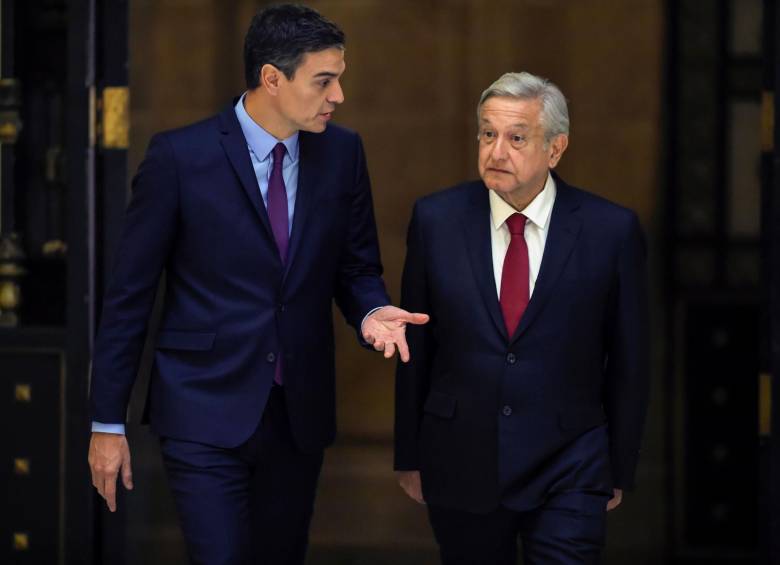 Pedro Sánchez y Andrés Manuel López Obrador, presidentes de España y México. FOTO: AFP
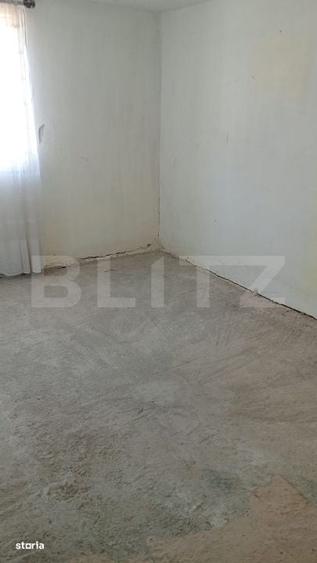 Casă cu 3 camere în Purcăreni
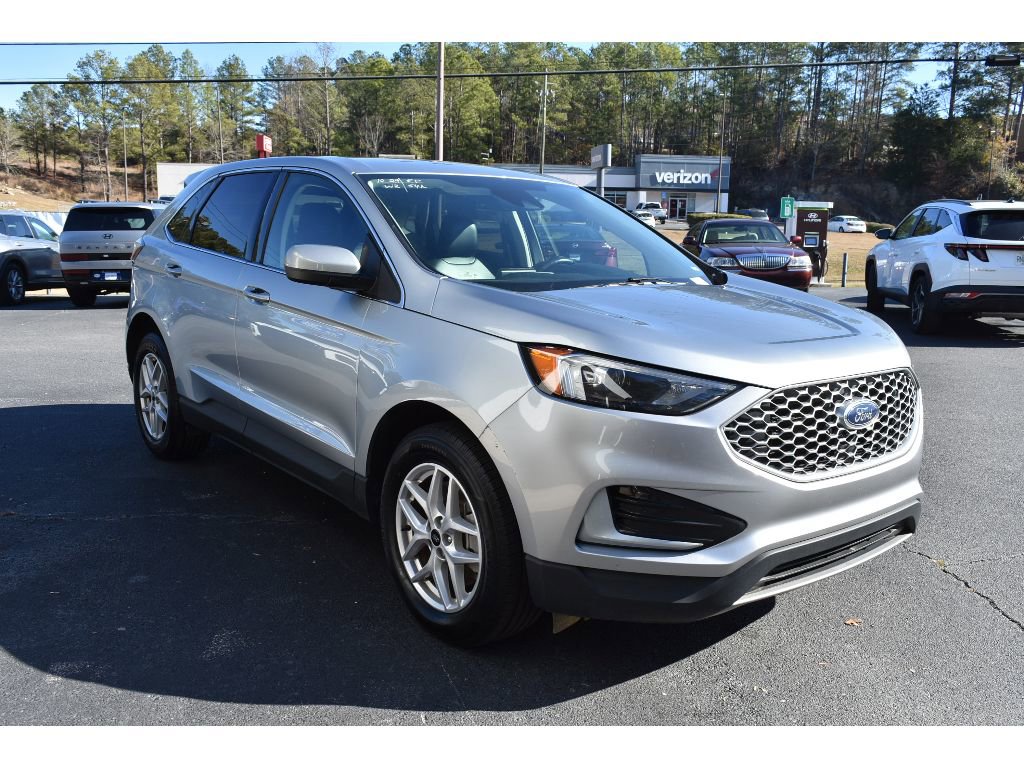 Used 2023 Ford Edge SEL image 6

——

→ **Instructions for the task**
Find the line that contains "Casă cu 3 camere în Purcăreni". Copy it and every line after it through the end of the listing exactly, but not the pictures.

→ **Response below**
 Casă cu 3 camere în Purcăreni
 Used 2023 Ford Edge SEL image 6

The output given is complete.